Presented at SPIE Photonics West 2015

5 March 2015, SPIE Newsroom. DOI: 10.1117/2.3201503.14

Christoph Lienau, Institute of Physics, Carl von Ossietzky Univ. Oldenburg (Germany) and Ctr. of Interface Science, Carl von Ossietzky Univ. Oldenburg (Germany)

The efficient conversion of (sun-)light into electrical or chemical energy is one of the most fundamental and relevant challenges in current energy research. The ability to construct artificialmolecular or nanostructured devices that can harvest and exploit sunlight inevitably relies on an in-depth understanding of the elementary microscopic principles that govern the underlying light conversion processes. Generally, these processes happen on an exceedingly short femtosecond time scale, making real time studies of the light-driven dynamics particularly important.
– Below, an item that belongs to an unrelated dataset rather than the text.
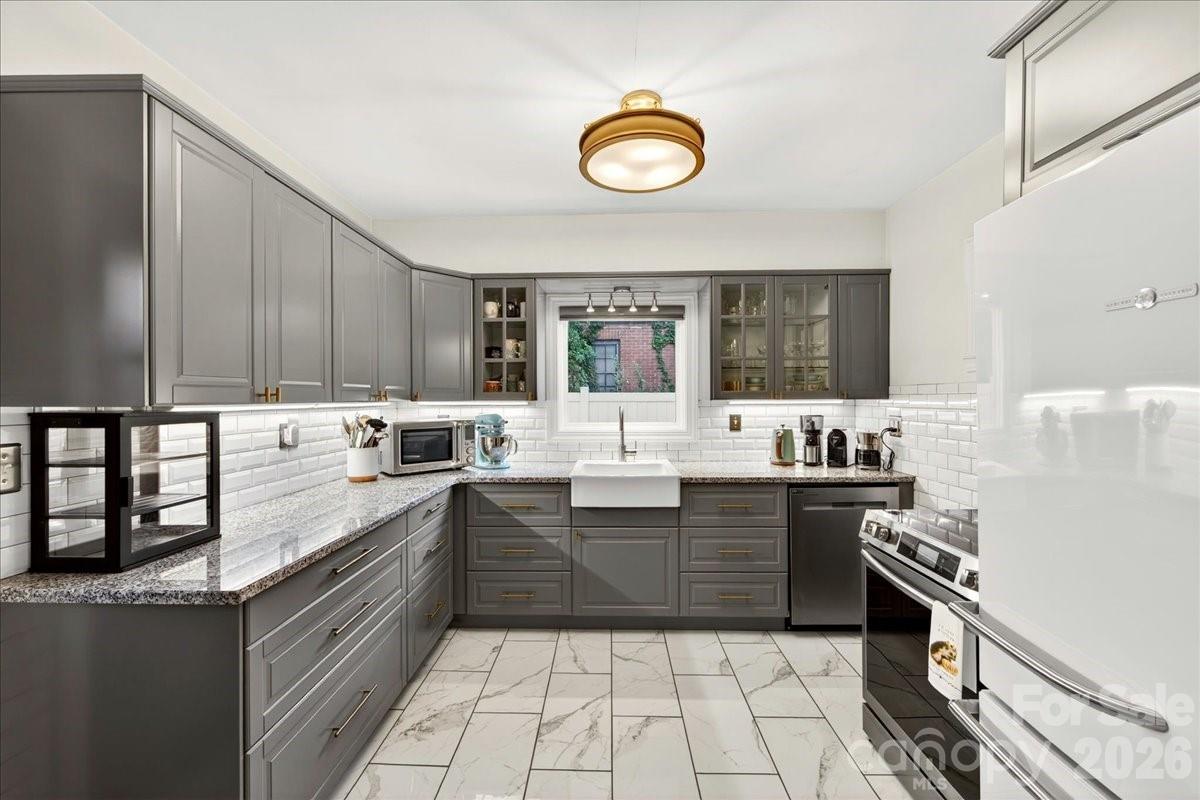 2225 Ashley Road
To elucidate these dynamics, Christoph Lienau and his research team have recently combined coherent femtosecond spectroscopy and first-principles quantum dynamics simulations and have used this approach to explore the primary photoinduced electronic charge transfer in two prototypical structures: (i) a caroteneporphyrin-fullerene triad, an elementary component for an artificial light harvesting system and (ii) a  polymer:fullerene blend as a model for an organic solar cell. Surprisingly, the experimental and theoretical results provide strong evidence that in both systems, at room temperature, the driving mechanism of the primary step within the current generation cycle is a quantum-correlated  wavelike motion of electrons and nuclei on a timescale of few tens of femtoseconds. The results suggest that the strong coupling between electronic and vibrational degrees of freedom is of key importance for the dynamics and yield of the charge separation process.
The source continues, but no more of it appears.